The third row is where the Mazda best uses its extra length. The Kodiaq is the definition of a so-called ‘5+2 seater’, with space back there most suitable for kids, or at the least just occasional use. This is unless you slide the middle-row well forward to liberate legroom, but inconveniencing whoever’s in this second row.

The Mazda offers less third-row space than a Pathfinder, however it beats out the Skoda, and also has better seat design and headrests. You can also have the middle row slid back and still fit at least two grumbly teenagers back there. There’s also a single child-seat attachment on the left-hand side.

There’s less in it for cargo space. With all three rows in use each offers enough for a few bags or two travelling cases (230 litres for the Mazda and 270L for the brilliantly packaged Skoda).

Pictured: Skoda (above) and Mazda (below) storage behind the second-row seats 

The Skoda also offers an automatic tailgate that raises very high, to spare your arms a chore, clever levers in the rear cargo area to de-couple and scrunch the middle seat row, an under-floor storage area for the removable sliding cargo blind and even a LED torch stashed in the side of the storage area. Genius.

Both cars have storage tubs, bag hooks, and a 12V socket which is good, and can be accessorised with various washable cargo area protectors. What’s bad is that neither gets a full-size spare wheel, each making do with temporary units (the Mazda’s is bigger, and therefore better).

Pictured: Skoda (above) and Mazda (below) 

It’s the Mazda that offers more storage behind the second row seats – aka the most commonly used layout – despite the fact both cars have third row seats that fold flat. Here the CX-9 just capitalises on its size, because the Skoda’s boot is a more useable, square shape.

As you can see in our gallery, both cars become practical carry vans with five seats folded flat, though the Mazda’s length and width is superior.

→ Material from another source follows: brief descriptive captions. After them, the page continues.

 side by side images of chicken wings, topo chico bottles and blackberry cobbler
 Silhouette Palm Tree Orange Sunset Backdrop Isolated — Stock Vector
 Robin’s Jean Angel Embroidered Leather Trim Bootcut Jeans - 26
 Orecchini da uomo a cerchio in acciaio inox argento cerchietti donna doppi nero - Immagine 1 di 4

It also wins the battle for cabin supremacy overall, much as we love the Skoda’s cleverness and packaging.


Drivetrains

Large SUVs are perhaps most commonly associated with six-cylinder petrol engines, or smaller but punchier diesels. However, this pair both use ‘downsized’ turbocharged four-cylinder petrol-fired engines to cut fuel use. Note: a 140TDI diesel Kodiaq will go on sale later in the year.

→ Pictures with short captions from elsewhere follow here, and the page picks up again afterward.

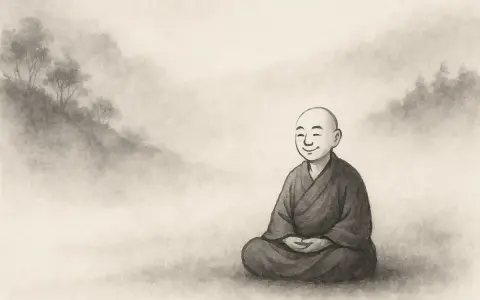 A smiling hermit monk sits in meditation amidst a misty, mountainous landscape.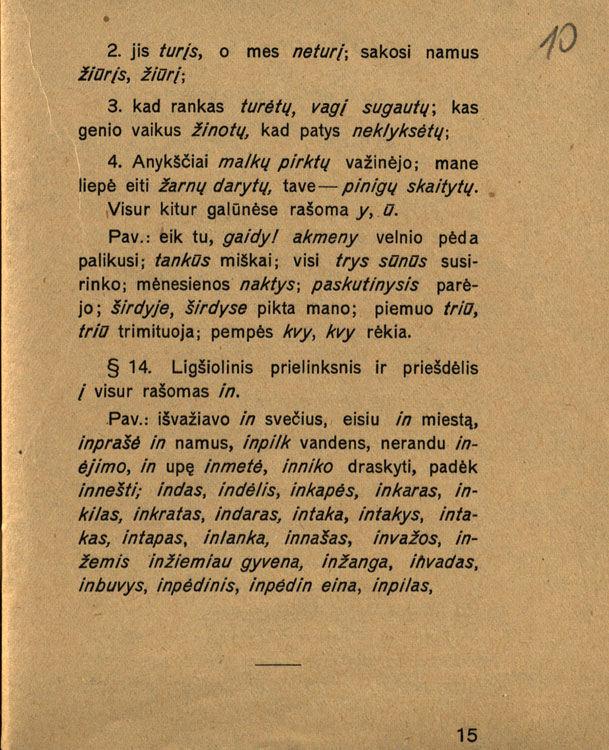 Lietuvių kalbos rašybos pagrindai (leidinio fragmentai, 1935)
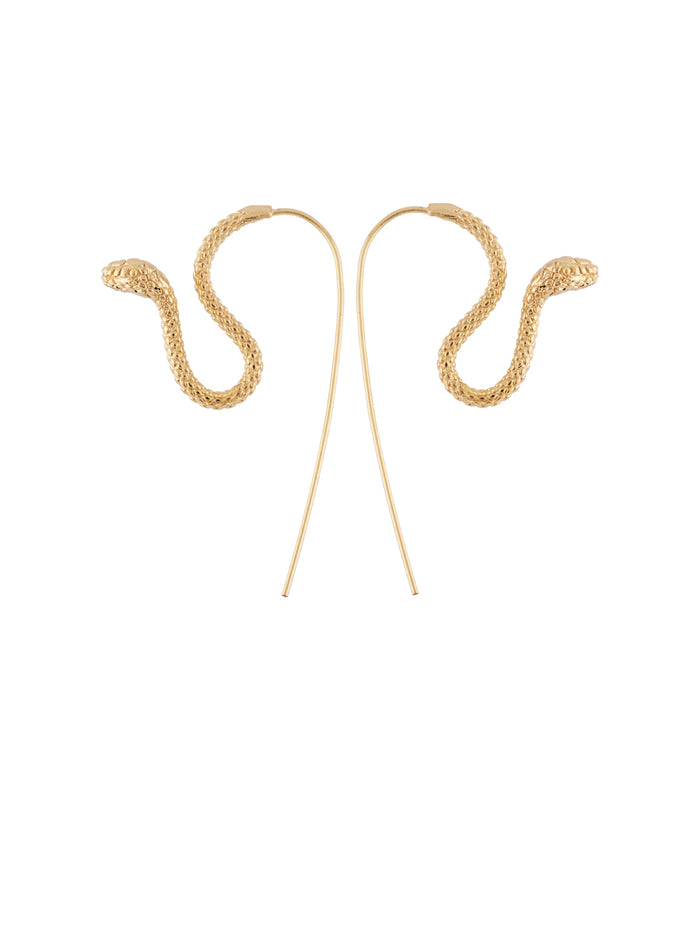 les néréides Blazing Nature Waving Viper Earrings - Gold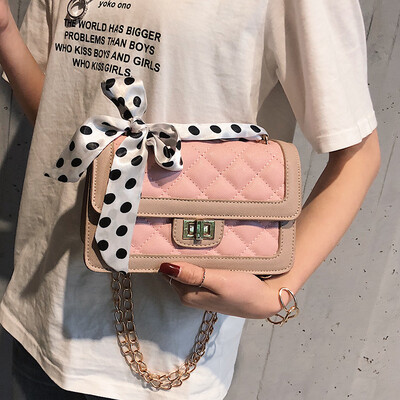 

Advanced sense bag foreign small fragrance rhombic chain bag texture Messenger bag female bag new 2019 scarf bag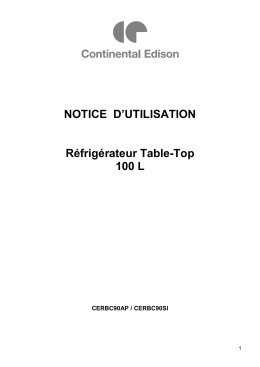 NOTICE D`UTILISATION Réfrigérateur Table
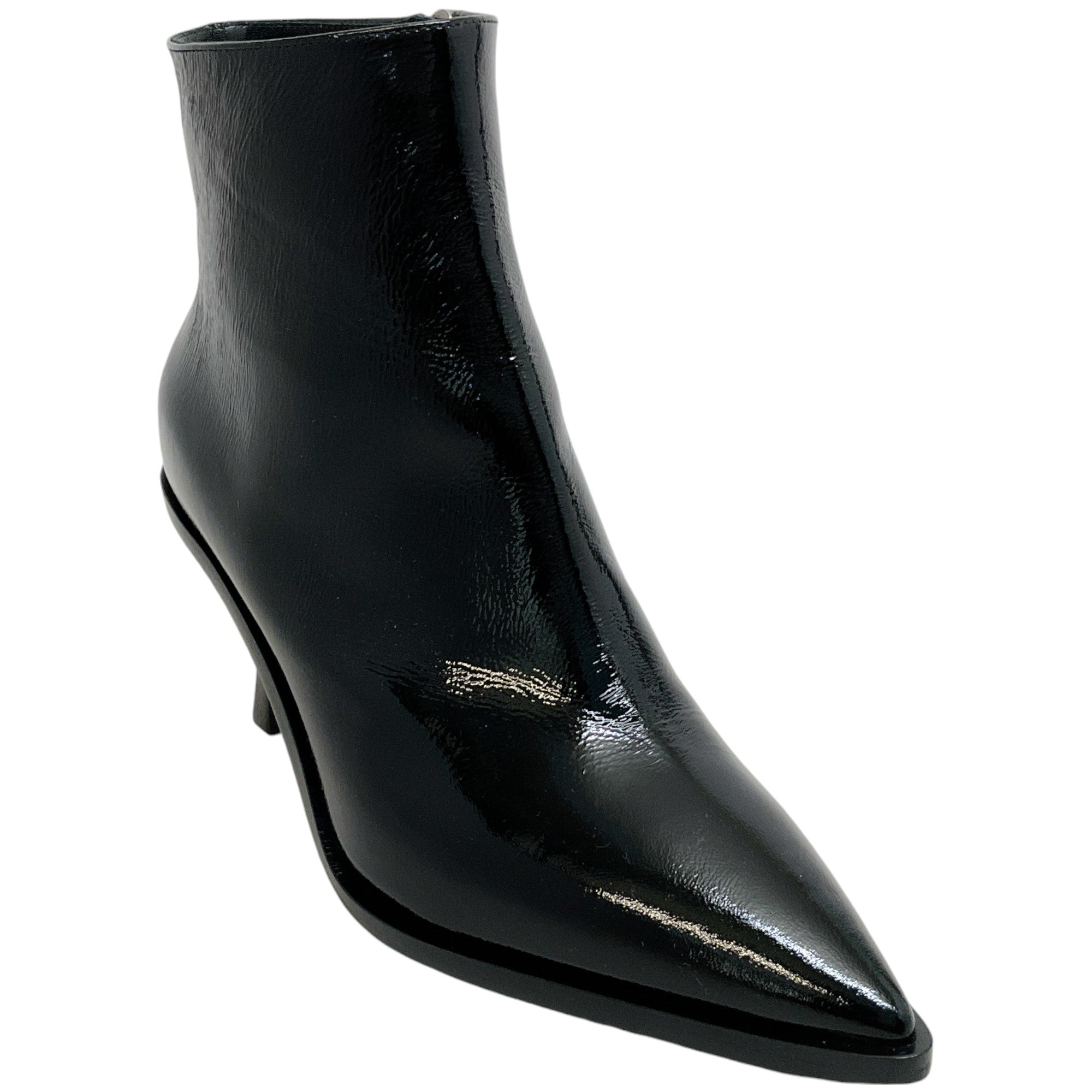 Casadei Black Patent Thunderdome Booties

The Kodiaq has the same 132TSI 2.0-litre engine as the Volkswagen Passat, making 132kW of power from 3900rpm and 320Nm of torque between 1400 and 4000rpm. By comparison the CX-9 has Mazda’s only turbo-petrol engine, a 2.5-litre force-fed unit making a noticeably stronger 170kW at 5000rpm and 420Nm at 2000rpm.

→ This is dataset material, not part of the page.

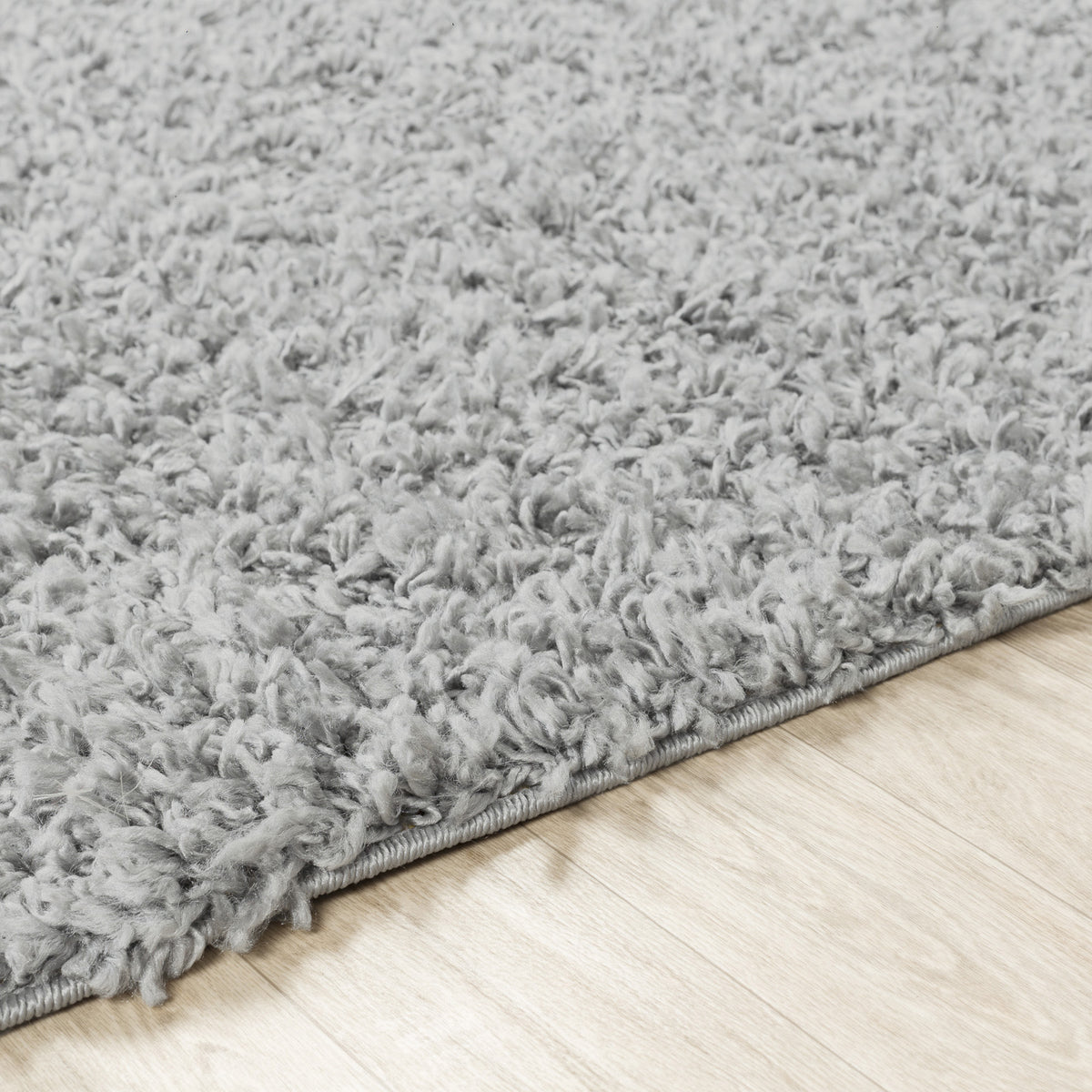 Tapis rond shaggy SURYA Boracay uni, poils longs gris, vue 3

Countering this, the 38cm shorter Skoda is almost 200kg lighter than the Mazda, narrowing the gap in power-to-weight ratios. A good run will still see the Mazda just undercut the Kodiaq’s claimed 0-100km/h time of 8.2sec.

The Skoda also uses less fuel than the Mazda, though both are relative misers for petrol SUVs of this size. The factory claims are respectively 7.6L/100km and 8.8L/100km, though on our testing we returned more representative figures of 8.4L/100km for the Skoda and 10.1L/100km for the Mazda. However, the Skoda needs 95 RON premium fuel, whereas the Mazda runs on cheaper 91 RON.

Both come standard with automatic transmissions, a six-speed ‘regular’ unit (with torque-converter) for the Mazda and a seven-speed DSG dual-clutch auto for the Skoda (the brand’s first car with this particular DSG ‘box). Each also has stop-start that turns the car off in gridlock and restarts when you lift-off the brake or touch the throttle (the Skoda has an anti-creeping button).

The Skoda also has a nifty feature that works when you put the car into its Eco mode. As soon as the driver takes their foot off the accelerator at a speed above 20 km/h, drive is disengaged, meaning the Kodiaq is coasting, ergo not drinking fuel.

Both cars are also fitted with on-demand AWD systems that send torque to the rear axles when sensors detect the front tyres scrabbling for traction on loose surfaces. This also helps with fast getaways on tarmac, particularly when it’s wet. Both gripped well, and neither car axle-tramped or torque-steered offensively under full throttle inputs.

The Mazda’s i-ACTIV AWD system and Skoda’s system both predominately send torque to the front wheels until the sensors tell the control unit otherwise. Torque is shuffled rearward at a constantly recalculated ratio via an output shaft, electronically controlled clutch and rear differential.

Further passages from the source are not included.